Another issue with the scene is that its supposed realism is so off-putting. A disturbed fuck-up shoots a TV host in the head. I don’t know if I can quite put my finger on it, but it doesn’t play well at all. It feels kind of cheap and exploitative. It’s telling that Phillips in this scene is referencing a scene in Frank Miller’s beloved Dark Knight Returns comic series from the ‘80s, in which the Joker, in over-the-top comics fashion, appears on a similar late night talk show and murders everyone in the audience with poison gas, along with killing the host and the other guests. Which is far more gruesome than shooting a man in the head, yet feels less disturbing for being so, let’s say, comical.

To harp on this scene even further, it’s here where Fleck voices whatever his philosophy is, which turns out to be generic and simplistic to the point of idiocy. Again, this is supposed to be super-villain the Joker?

And, again, no, it’s not. It’s just supposed to be some guy. Who, yes, happens to be the Joker, even though he isn’t, because listen, buddy, this isn’t some damn theme park ride superhero movie the likes of which Martin Scorsese thinks ain’t cinema, this is a goddamn ode to all things Scorsese!

I imagine someone saying.

I liked Phoenix in this movie. I liked the look, a little bit ’70s but without feeling desperate about it. Aside from that one lousy talk show scene, it’s not badly written. But I just can’t get over asking what the point of it is. It either has to be about the Joker or it has to be about us. It ends up being about neither.

Whoop-de-doo.

2 responses on “To Joker or Not to Joker?

  1. I very much agree. This was a well-made movie about a disturbed man becoming a killer, but not the Joker. There’s no sense that he’s some nascent mastermind. He doesn’t devise any nefarious plots of any kind. He just gets to like killing people. It’s a great performance, but I do not recognize the Joker anywhere here. Was there any reason this was made, except that they have to keep making Joker movies until the end of time?

    It also really bothered me that they cast Robert DeNiro as a talk show host. That’s a very specific personality, and DeNiro is the opposite of funny. That’s why he worked so well and was so disturbing in the King of Comedy. Because he’s so naturally unfunny.

    Why do they always fuck up television in the movies? It’s like they don’t know that we all watch television, and we know what it looks like. DeNiro would never have that show, and they would never put this weird guy on TV for having the worst stand-up set ever. Certainly not by giving him a stand-up set. And his interview would have cut to commercial in about three seconds. I didn’t buy any of that. Clearly they just wanted to remake the King of Comedy so so hard.

    Ho hum. Two plus hours spent with a very uncomfortable person. Because why exactly?

    • Well then. If you didn’t like it, then I’m definitely not seeing it until it hits video.

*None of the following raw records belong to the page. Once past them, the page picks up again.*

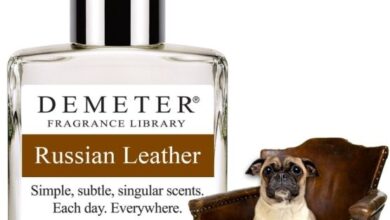 Photo of Demeter Fragrance Russian Leather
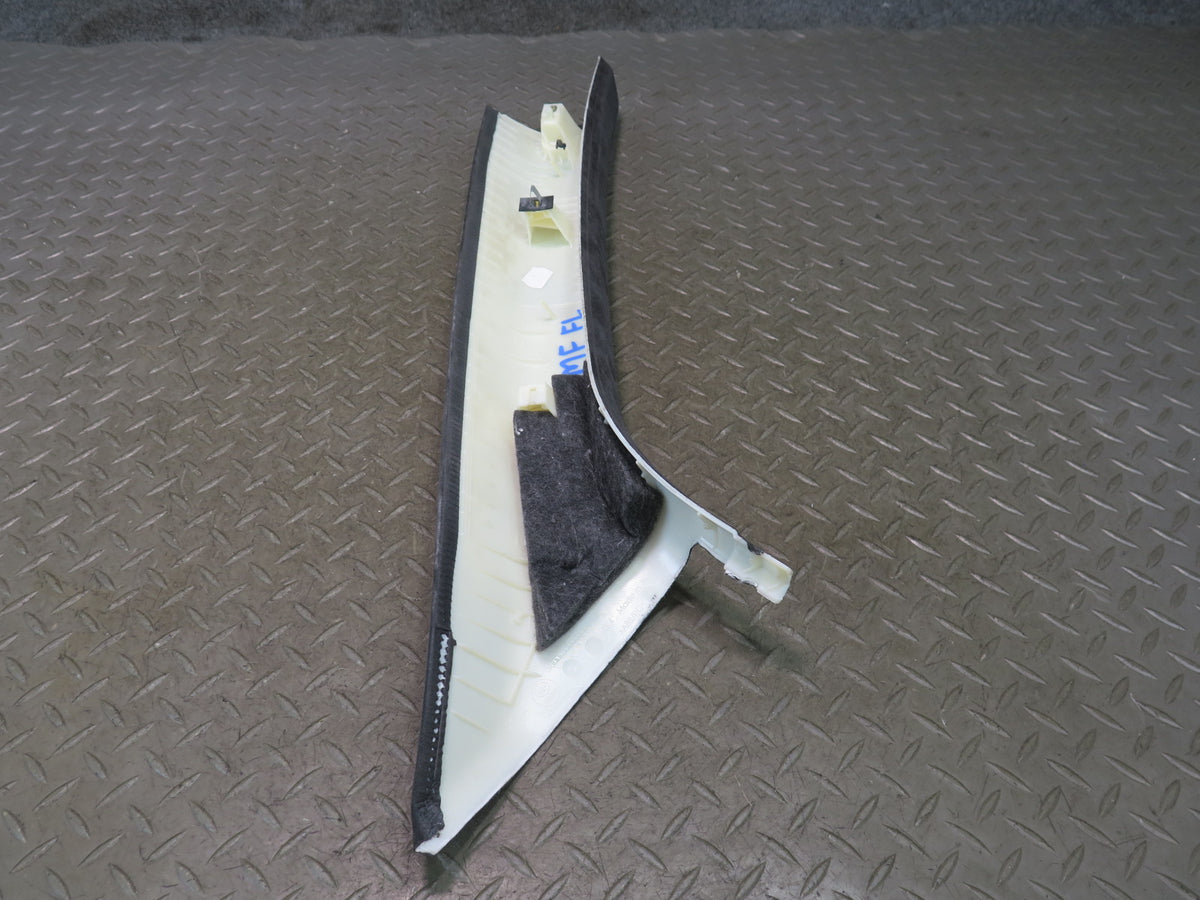 2015-2025 Porsche Macan Front Left & Right A Pillar Upper Trim Cover Panel Set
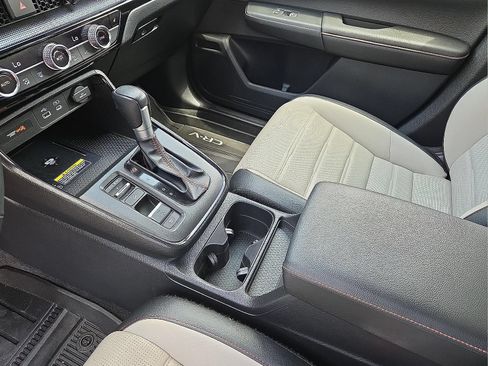 Used 2025 Honda CR-V Sport Touring image 10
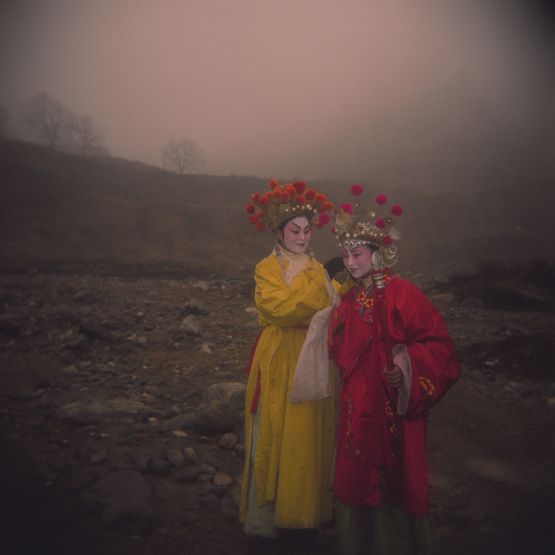 Shanxi No.2 No.02 by Zhang Xiao contemporary artwork Photography
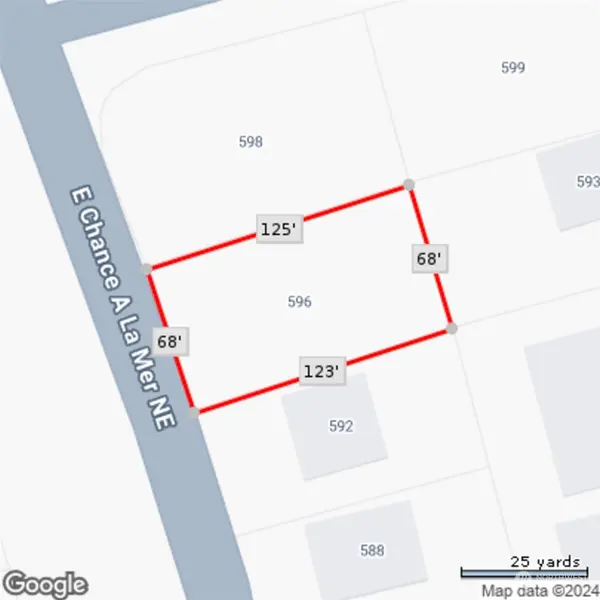 596 Chance A La Mer, Ocean Shores, WA 98569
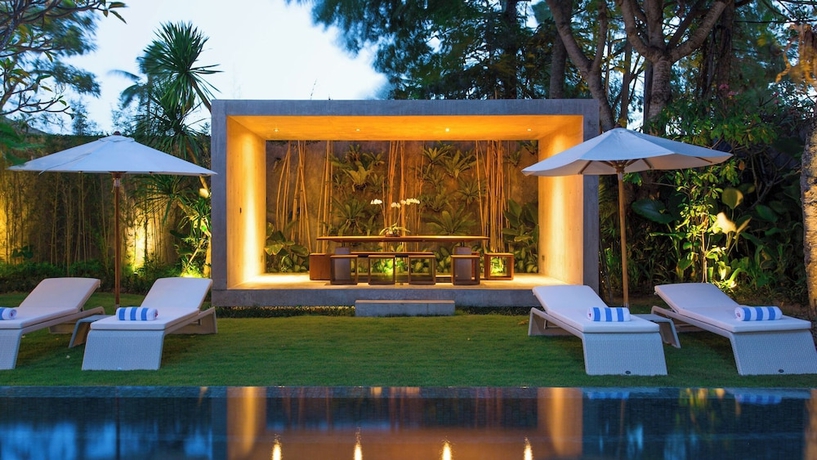 Imagen de la habitación del Hotel Villa Canggu. Foto 13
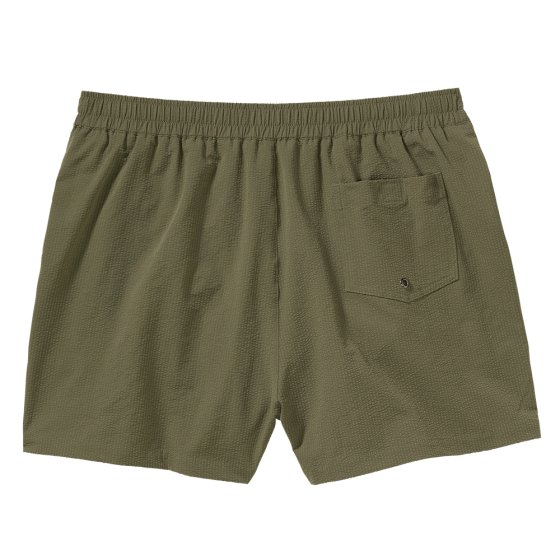 Seersucker-zwemshort in dubbele verpakking 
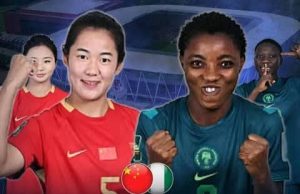 Falconets’ Coach Moses Aduku Pledges: My Girls will Come Out Stronger Against China On Thursday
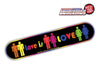 Love is Love WiperTags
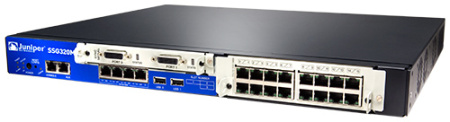 Межсетевой экран Juniper SSG-320M-SH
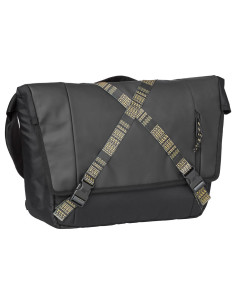 CAT-84048-01,Geanta de umar CATERPILLAR Signature The Sixty Sling Messenger - negru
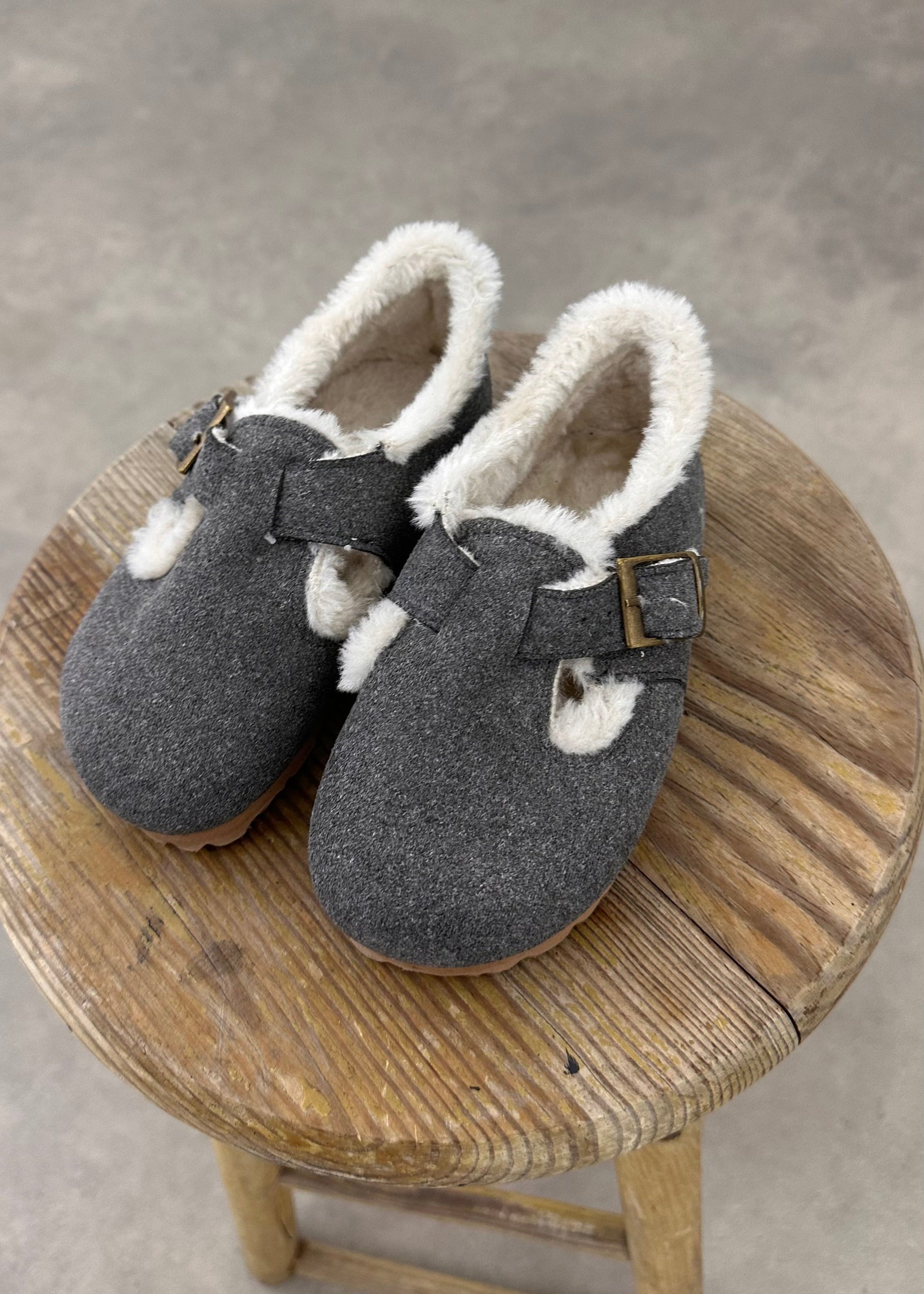 Kürklü Sabo Terlik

      Speaking of which, I watched Glass last night out of curiosity — it is neither interesting nor Lady in the Water bad enough to be entertaining. It’s like they don’t know we read comic books and think their silly references to “some other world” dropped into a vastly deranged version of normal life makes a lick of sense. Either make a comic book movie and accept it’s just entertainment or make a film about real life. Comic book characters don’t exist in real life and if they did, it wouldn’t be anything like Glass. Plus, Sarah Paulson is AWFUL as the least believable mental health professional of all time.